Long time, no blog. I know. Unfortunately I seem to be having something of an existential crisis at present. Not on behalf of my own life, thank goodness, but rather on behalf of my blog. ‘In my good books’ I named it, although I have to say I’m beginning to think that ‘In my boring books’ might have been more accurate. I set out to read books that others had hailed as ‘classics’ and have, for the most part, been a little disappointed and a lot uninspired. I love reading, I chose to study English at Uni because of this love. I had anticipated, therefore, that beginning this blog and undertaking to read more ‘classic’ books would be something of a treat, lately, at least, it hasn’t been. I seem to be reading less and less as time passes.

Since the low point of Madame Bovary, I seem to have got rather stuck in a rut. I have not found any new characters, especially heroines to aspire to or admire. I had assumed that there were a few more Elizabeth Bennets out there but am beginning to conceive that perhaps she is, after all, a flower amongst weeds in the garden of literary heroines. One thing that this blog is at least affirming to me is my love of my old favourites. I am gaining a greater insight into what exactly it is I love about the books I have cherished for so many years. Take Pride and Prejudice, for example. Previously I’d thought that it owed a great deal of its charm to the period in which it is set and the manners of the time, although having read Middlemarch I am not so sure. No, I think, where my love affair with Pride and Prejudice is concerned, it is not the period that makes it for me, or even, shock horror, Mr Darcy…it is Elizabeth. If there’s anything I love about that book it has to be her. Sure she has her faults…pride and prejudice are not the reserves of Mr Darcy, but her wit and vivacity (as Mr Collins puts it) are in my reading so far unparalleled.
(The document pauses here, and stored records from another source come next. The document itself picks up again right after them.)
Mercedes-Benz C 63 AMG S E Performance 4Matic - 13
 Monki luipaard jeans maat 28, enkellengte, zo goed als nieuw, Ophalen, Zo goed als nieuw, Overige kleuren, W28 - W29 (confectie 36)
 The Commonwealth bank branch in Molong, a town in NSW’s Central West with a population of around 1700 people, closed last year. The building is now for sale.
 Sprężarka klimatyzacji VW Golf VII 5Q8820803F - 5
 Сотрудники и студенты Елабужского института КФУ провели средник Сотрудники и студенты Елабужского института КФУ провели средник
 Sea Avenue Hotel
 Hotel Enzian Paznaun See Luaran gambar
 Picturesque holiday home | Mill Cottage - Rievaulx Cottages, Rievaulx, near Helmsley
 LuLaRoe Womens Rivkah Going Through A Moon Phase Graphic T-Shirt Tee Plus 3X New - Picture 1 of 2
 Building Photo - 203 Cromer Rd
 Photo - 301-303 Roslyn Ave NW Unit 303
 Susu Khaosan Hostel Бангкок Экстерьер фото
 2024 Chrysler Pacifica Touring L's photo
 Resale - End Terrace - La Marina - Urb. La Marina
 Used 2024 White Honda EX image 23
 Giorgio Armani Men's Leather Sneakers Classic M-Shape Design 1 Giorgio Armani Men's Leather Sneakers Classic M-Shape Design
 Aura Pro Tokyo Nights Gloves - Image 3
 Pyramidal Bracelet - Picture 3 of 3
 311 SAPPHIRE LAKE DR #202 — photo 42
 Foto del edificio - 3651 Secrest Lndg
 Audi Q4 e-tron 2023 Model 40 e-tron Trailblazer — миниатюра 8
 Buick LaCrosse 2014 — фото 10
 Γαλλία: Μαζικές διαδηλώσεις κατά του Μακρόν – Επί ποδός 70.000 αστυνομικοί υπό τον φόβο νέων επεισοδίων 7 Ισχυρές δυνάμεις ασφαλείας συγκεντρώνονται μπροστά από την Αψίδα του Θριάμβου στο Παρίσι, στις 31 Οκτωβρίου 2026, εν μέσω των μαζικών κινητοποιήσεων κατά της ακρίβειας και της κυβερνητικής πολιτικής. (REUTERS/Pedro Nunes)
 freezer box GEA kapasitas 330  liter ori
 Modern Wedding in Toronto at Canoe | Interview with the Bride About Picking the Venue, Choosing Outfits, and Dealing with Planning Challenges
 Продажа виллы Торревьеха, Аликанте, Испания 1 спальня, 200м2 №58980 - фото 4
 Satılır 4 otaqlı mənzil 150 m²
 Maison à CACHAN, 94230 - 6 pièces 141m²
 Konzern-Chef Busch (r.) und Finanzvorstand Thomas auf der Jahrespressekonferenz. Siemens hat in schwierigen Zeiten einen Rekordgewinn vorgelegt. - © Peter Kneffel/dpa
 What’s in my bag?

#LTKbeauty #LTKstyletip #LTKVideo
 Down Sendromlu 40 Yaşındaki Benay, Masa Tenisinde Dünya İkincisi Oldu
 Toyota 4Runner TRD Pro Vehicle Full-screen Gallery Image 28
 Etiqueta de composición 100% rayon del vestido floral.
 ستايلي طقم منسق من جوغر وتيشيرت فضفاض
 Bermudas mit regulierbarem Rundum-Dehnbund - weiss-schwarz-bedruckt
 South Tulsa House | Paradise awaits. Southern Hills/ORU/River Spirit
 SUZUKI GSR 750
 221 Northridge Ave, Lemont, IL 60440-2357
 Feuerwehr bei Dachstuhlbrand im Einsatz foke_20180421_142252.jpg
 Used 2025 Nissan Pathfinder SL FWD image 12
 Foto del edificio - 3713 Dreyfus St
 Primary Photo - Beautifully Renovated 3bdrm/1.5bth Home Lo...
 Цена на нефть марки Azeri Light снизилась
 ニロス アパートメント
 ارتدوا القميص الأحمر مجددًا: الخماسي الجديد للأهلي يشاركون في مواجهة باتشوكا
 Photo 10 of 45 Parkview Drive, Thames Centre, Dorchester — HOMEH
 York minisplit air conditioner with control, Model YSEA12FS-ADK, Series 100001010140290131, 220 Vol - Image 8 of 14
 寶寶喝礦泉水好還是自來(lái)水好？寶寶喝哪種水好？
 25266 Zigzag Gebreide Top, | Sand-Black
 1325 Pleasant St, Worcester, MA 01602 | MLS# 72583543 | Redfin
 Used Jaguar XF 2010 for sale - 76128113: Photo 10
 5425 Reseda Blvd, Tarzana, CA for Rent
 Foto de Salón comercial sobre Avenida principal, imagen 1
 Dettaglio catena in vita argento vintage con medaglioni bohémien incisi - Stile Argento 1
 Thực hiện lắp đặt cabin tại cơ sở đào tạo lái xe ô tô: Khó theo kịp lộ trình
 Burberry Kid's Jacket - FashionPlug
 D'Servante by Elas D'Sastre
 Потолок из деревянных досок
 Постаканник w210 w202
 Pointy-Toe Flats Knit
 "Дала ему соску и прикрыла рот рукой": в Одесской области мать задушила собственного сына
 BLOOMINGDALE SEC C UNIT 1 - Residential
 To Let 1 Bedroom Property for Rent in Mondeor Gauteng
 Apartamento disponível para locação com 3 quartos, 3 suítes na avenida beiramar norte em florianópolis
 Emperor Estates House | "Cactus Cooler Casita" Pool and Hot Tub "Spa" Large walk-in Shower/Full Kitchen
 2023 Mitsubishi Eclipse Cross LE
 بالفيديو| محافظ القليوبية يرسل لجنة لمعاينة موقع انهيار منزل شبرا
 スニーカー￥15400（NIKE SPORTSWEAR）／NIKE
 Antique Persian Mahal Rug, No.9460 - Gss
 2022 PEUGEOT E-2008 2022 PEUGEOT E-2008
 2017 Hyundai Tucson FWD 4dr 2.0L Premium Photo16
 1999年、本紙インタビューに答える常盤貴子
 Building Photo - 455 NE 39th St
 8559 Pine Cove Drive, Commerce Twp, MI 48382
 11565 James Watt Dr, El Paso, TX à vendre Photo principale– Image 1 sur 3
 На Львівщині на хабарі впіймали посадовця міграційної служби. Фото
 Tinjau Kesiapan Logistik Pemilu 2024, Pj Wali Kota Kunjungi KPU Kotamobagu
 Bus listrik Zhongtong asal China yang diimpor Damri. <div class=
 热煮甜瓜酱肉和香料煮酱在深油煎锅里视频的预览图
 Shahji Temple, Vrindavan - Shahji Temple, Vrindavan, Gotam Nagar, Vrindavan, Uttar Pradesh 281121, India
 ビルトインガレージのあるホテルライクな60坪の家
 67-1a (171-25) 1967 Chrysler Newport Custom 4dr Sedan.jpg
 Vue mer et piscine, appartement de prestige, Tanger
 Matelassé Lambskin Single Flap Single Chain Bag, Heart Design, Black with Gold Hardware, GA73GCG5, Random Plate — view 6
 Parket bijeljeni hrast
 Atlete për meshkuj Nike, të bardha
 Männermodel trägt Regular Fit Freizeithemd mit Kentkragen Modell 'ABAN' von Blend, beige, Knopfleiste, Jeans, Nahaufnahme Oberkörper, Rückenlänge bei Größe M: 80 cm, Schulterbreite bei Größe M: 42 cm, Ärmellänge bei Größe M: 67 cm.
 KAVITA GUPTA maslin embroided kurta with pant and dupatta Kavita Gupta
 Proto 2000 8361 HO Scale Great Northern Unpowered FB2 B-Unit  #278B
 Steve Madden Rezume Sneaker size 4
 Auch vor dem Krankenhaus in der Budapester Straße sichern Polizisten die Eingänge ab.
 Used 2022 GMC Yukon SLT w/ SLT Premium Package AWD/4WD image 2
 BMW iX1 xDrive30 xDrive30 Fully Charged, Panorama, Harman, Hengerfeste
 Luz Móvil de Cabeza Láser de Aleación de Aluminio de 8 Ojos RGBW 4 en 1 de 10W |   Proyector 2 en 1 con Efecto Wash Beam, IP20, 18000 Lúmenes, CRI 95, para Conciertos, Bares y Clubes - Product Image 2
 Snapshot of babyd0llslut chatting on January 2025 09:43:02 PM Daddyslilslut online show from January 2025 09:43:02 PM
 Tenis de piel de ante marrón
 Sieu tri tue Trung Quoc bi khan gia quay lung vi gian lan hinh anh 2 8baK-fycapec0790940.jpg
Now, where the book I am currently dawdling through is concerned…where to begin. The Catcher in the Rye does not seem to be a bad book, although it is, for me, not the holy grail of literature. I haven’t finished it yet, so am aware that I am in no way fit to pass comment, but I have certainly developed a general air of apathy where reading this book is concerned. Thus far my reading of it has only commenced on trains, not a good sign. Instead, in the evening, I find myself drawn to the charms of sweeping….Minesweeping, that is; and can now boast the richest Sim I’ve ever played. Yes, it is that modern trapping, the computer game, that has robbed Salinger of my perusal. The Catcher in the Rye is by no means a doorstop of a book, in fact, compared to the likes of Middlemarch it is but a minnow in the pool. In fact, if I felt so inclined, I could probably sit down and read the whole thing in a couple of hours; and perhaps that is the way I’ll have to go. Maybe the quick short burst, like the ripping off of a plaster, will be my solution for The Catcher in the Rye. Maybe by the end of it I’ll even find I enjoy the sensation. But finishing it is not my main concern at present. It can be done, if I set my mind to it. No, what concerns me is my need to rip off the plaster and read in such a forced fashion. I’ve only encountered this sort of reading when studying academic texts and course books when revising. This is not the way I would choose to read for pleasure, as it confers little pleasure at all.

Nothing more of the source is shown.